> What to produce
When you retype the records that follow, keep each word as it is and drop any pictures.

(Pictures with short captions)

============================================================

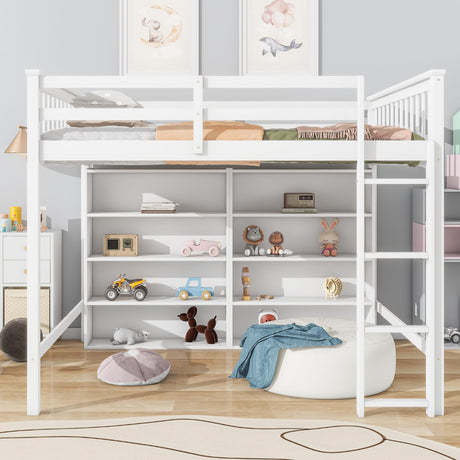 Full Loft Bed with 8 Storage Shelves, Wooden Loft Beds Frame with Bookcase, High Loft Bed with Ladder for Kids Boys Girls Teens, Antique White Bellemave
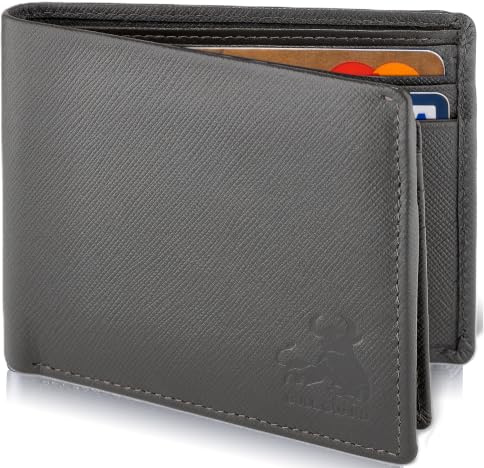 RFID Bifold Leather Wallet for Men with Flip Up ID in Vintage Buffalo Brown, Wild Mountain Grey, S, Modern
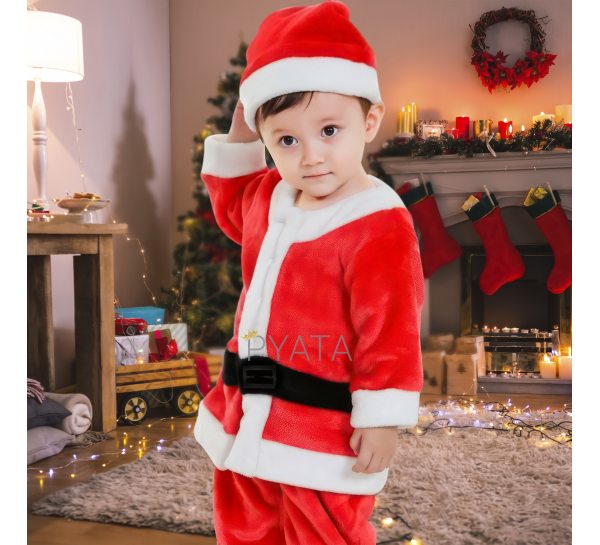 Детский карнавальный новогодний костюм Санта Клаус размер 7-9 лет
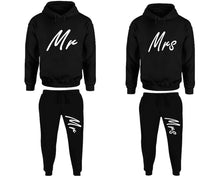 Load image into Gallery viewer, Mr and Mrs matching top and bottom set, Black pullover hoodie and sweatpants sets for mens, pullover hoodie and jogger set womens. Matching couple joggers.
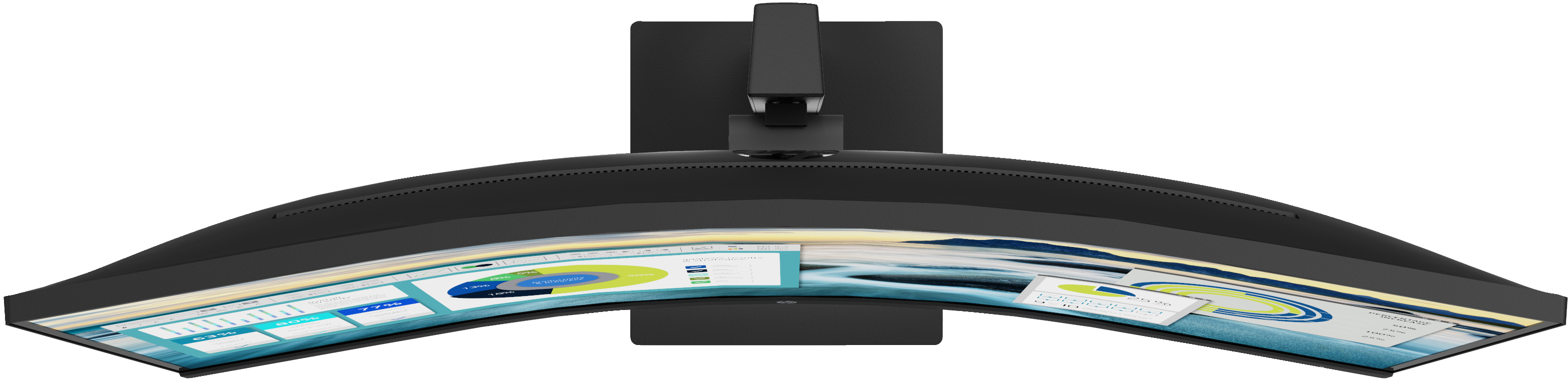 Gebogener Computermonitor, Diagramme und Grafiken. Schwarzer Rahmen.
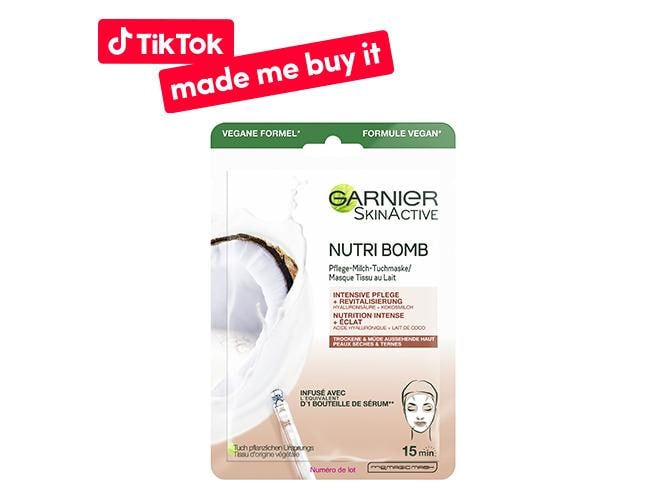 Garnier Gesichtsmaske Nutri Bomb Kokosmilch 1 Stück Pflege-Milch-Tuchmaske mit Kokosmilch und Hyaluronsäure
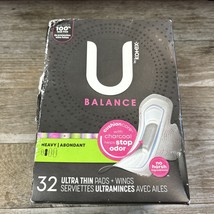 U by Kotex Balance Ultra-Thin HEAVY with Wings Maxi Pads 32-Ct ~Damaged Box - $17.93 CAD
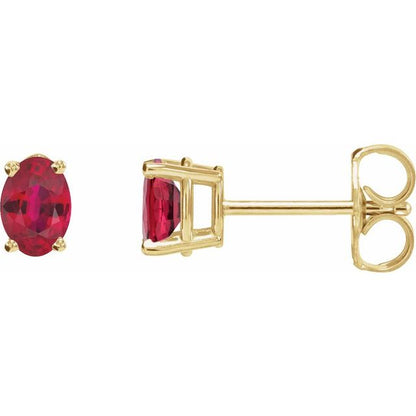 14K White Lab-Grown Ruby Earrings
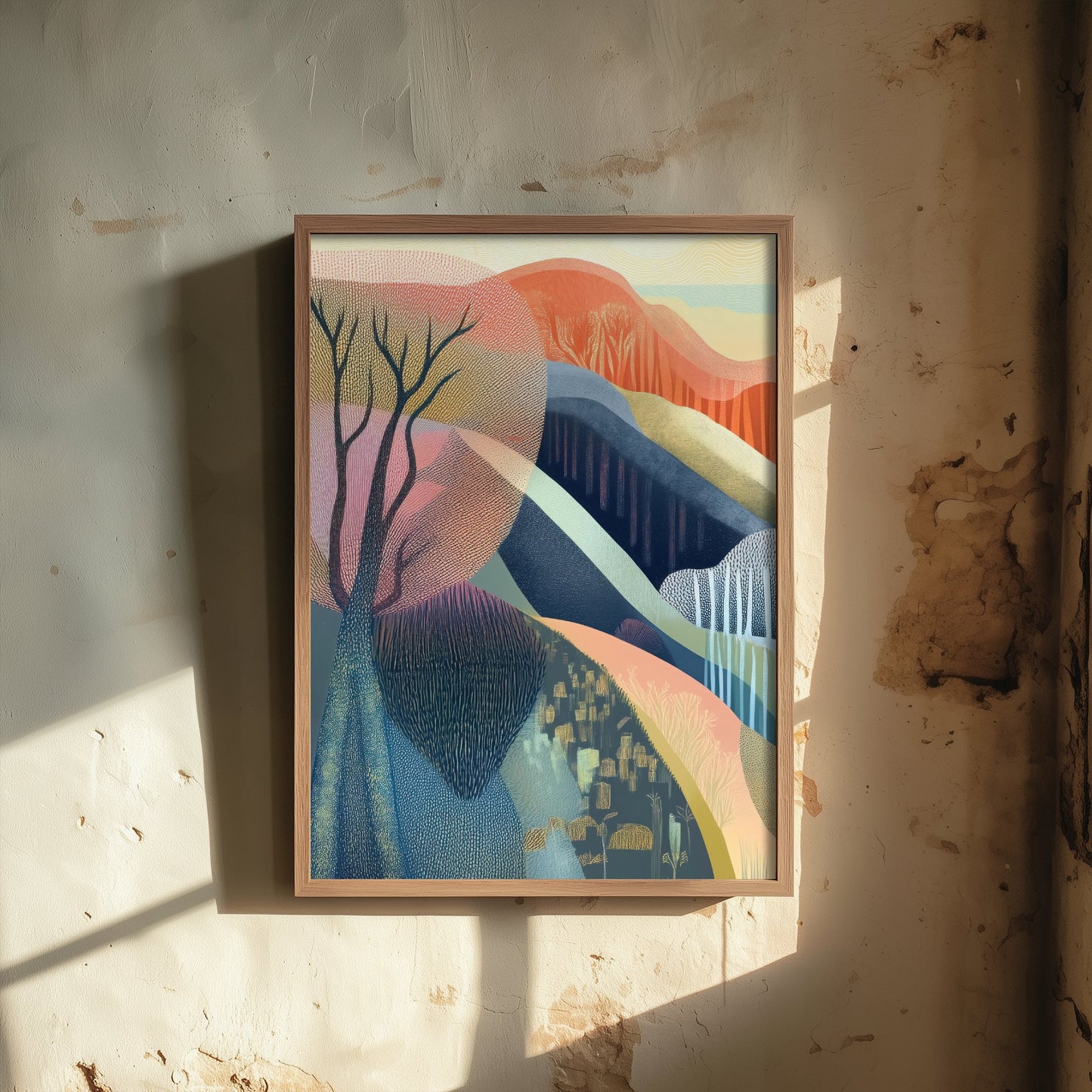 Graphic Landscape Art Print - Warm Sunset Valley Poster - Folk Countryside Illustration - Red Autumn Hills V5 1/3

============================================================

> Result of this exercise
 Full Loft Bed with 8 Storage Shelves, Wooden Loft Beds Frame with Bookcase, High Loft Bed with Ladder for Kids Boys Girls Teens, Antique White Bellemave
 RFID Bifold Leather Wallet for Men with Flip Up ID in Vintage Buffalo Brown, Wild Mountain Grey, S, Modern
 Детский карнавальный новогодний костюм Санта Клаус размер 7-9 лет
 Load image into Gallery viewer, Mr and Mrs matching top and bottom set, Black pullover hoodie and sweatpants sets for mens, pullover hoodie and jogger set womens. Matching couple joggers.
 Gebogener Computermonitor, Diagramme und Grafiken. Schwarzer Rahmen.
 Garnier Gesichtsmaske Nutri Bomb Kokosmilch 1 Stück Pflege-Milch-Tuchmaske mit Kokosmilch und Hyaluronsäure
 U by Kotex Balance Ultra-Thin HEAVY with Wings Maxi Pads 32-Ct ~Damaged Box - $17.93 CAD
 14K White Lab-Grown Ruby Earrings
 Graphic Landscape Art Print - Warm Sunset Valley Poster - Folk Countryside Illustration - Red Autumn Hills V5 1/3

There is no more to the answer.